Almost as strange is “2 Guns,” which is part “Training Day” (both feature Denzel Washington and a younger Caucasian, also in law enforcement—in this case it is Marky Mark Wahlberg) and part “No Country for Old Men.” While the movie includes good turns by James Marsden and Fred Ward, it is mostly a vastly confused story about three government agencies trying to grab a drug lord’s money. Several of the players seem to have death wishes.

“Paranoia” is an unsatisfactory movie about industrial espionage, but with good turns by a good cast, led by Liam Hemsworth. “Jobs” is a very unsatisfactory biopic about the unlikable (and, apparently, much over-praised) Steve Jobs of Apple Computers.  “Getaway” is a catalog of all the things we’ve ever seen in movie car chases, including—perhaps especially—all the silly things we’ve ever seen in movie car chases.

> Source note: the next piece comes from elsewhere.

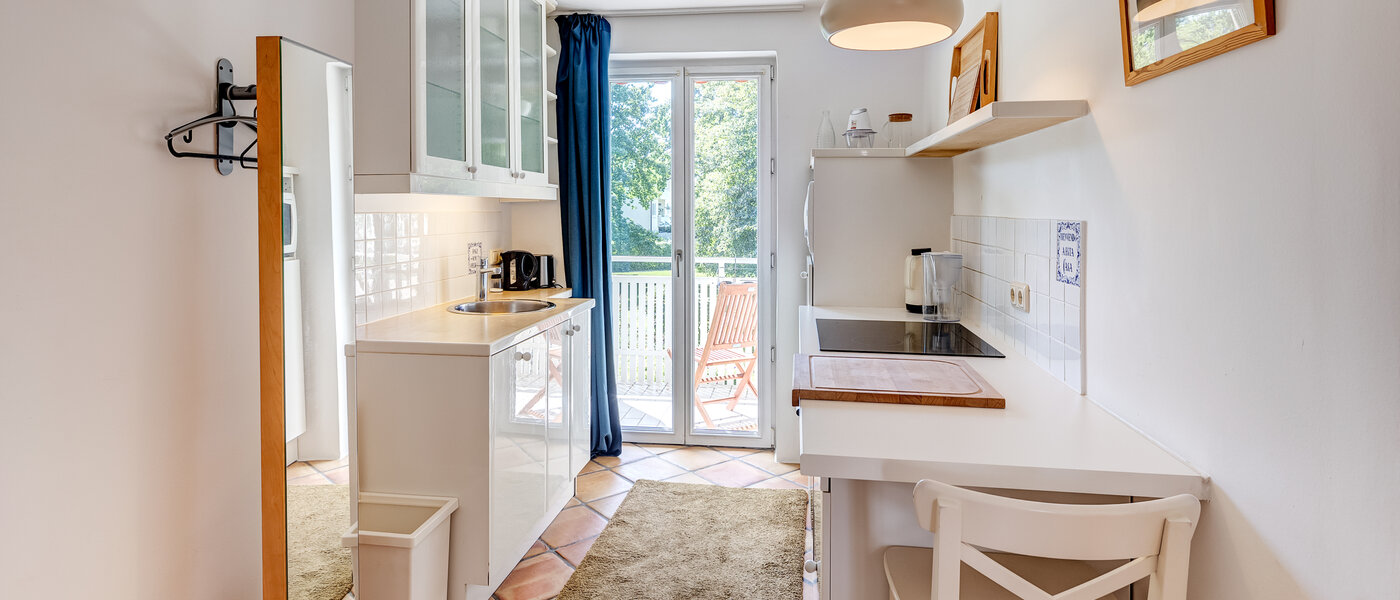 Flad München Ramersdorf 01 Køkken 14105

And then there’s “RED 2.” The original movie introduced us to a network of retired spies and hit men, including ones played by John Malkovich and Bruce Willis. Willis has a new girlfriend, Mary-Louise Parker, who is excited by all the adventure in the undercover work the boys find themselves unable to escape. In this sequel the action scenes are spiced with lots of comedy, most of which works pretty well. With Helen Mirren, Anthony Hopkins, Katherine Zeta-Jones, Tim Pigott-Smith, David Thwelis, and Brian Cox.

If I had to have a recent movie on hand in case a thunderstorm delays a football game, “RED 2”  is the one I’d pick. But the weather isn’t going to stop the musicals and basketball games from starting on time. Maybe you can wait until next month to laugh along with Malkovich and Parker.